WHAT THE TASK ASKS = An exact copy of every line from the one holding "Long-sleeved kimono 6" to the end of the entries below is required; leave the pictures out.

Short text fragments from websites
== Segment start ==

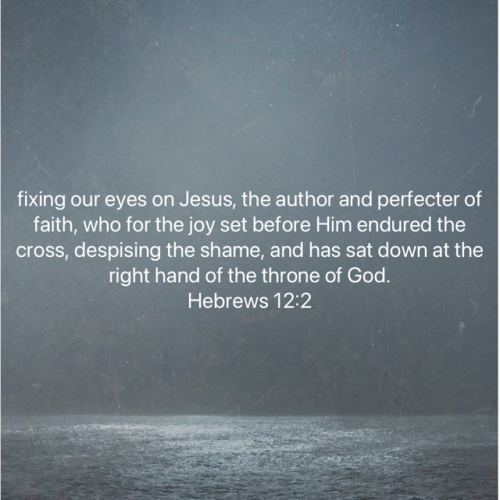 FAITH - Hebrews 12.2 NASB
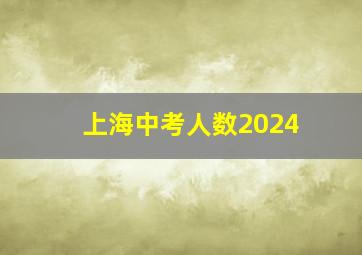 上海中考人数2024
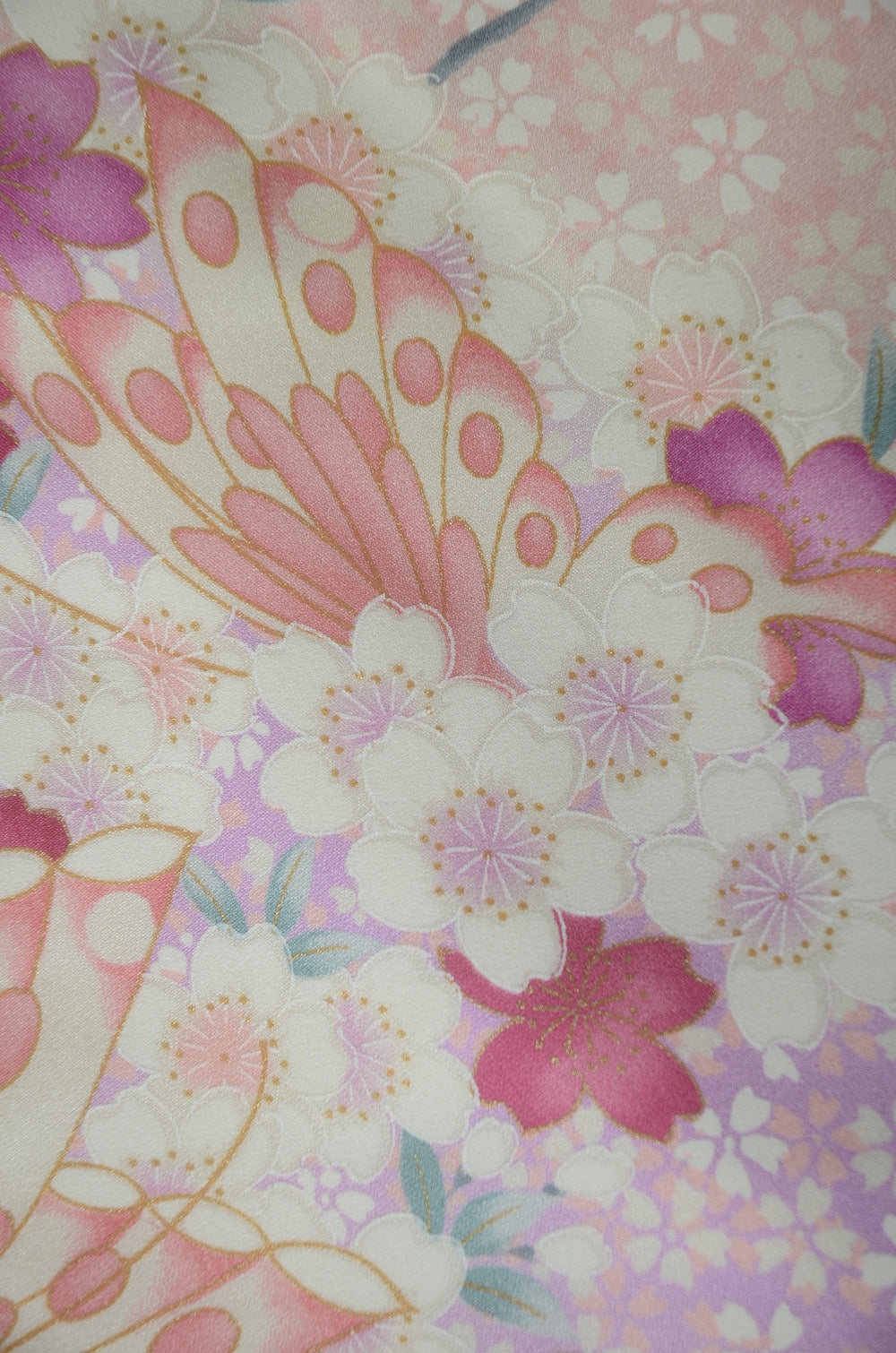 Long-sleeved kimono 6 items set / Furisode / FK#1-806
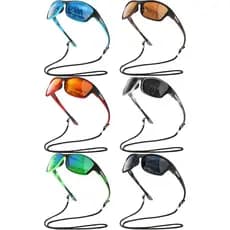 Leelosp 6 Óculos de Sol Esportivos Polarizados para Mulheres e Homens com Proteção UV para Pesca, Condução, Ciclismo e C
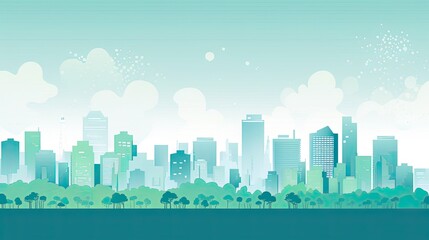 Abstract city skyline illustration in a contemporary style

== Segment end ==

ANSWER TO THE PROBLEM =
 Long-sleeved kimono 6 items set / Furisode / FK#1-806
 Leelosp 6 Óculos de Sol Esportivos Polarizados para Mulheres e Homens com Proteção UV para Pesca, Condução, Ciclismo e C
 Abstract city skyline illustration in a contemporary style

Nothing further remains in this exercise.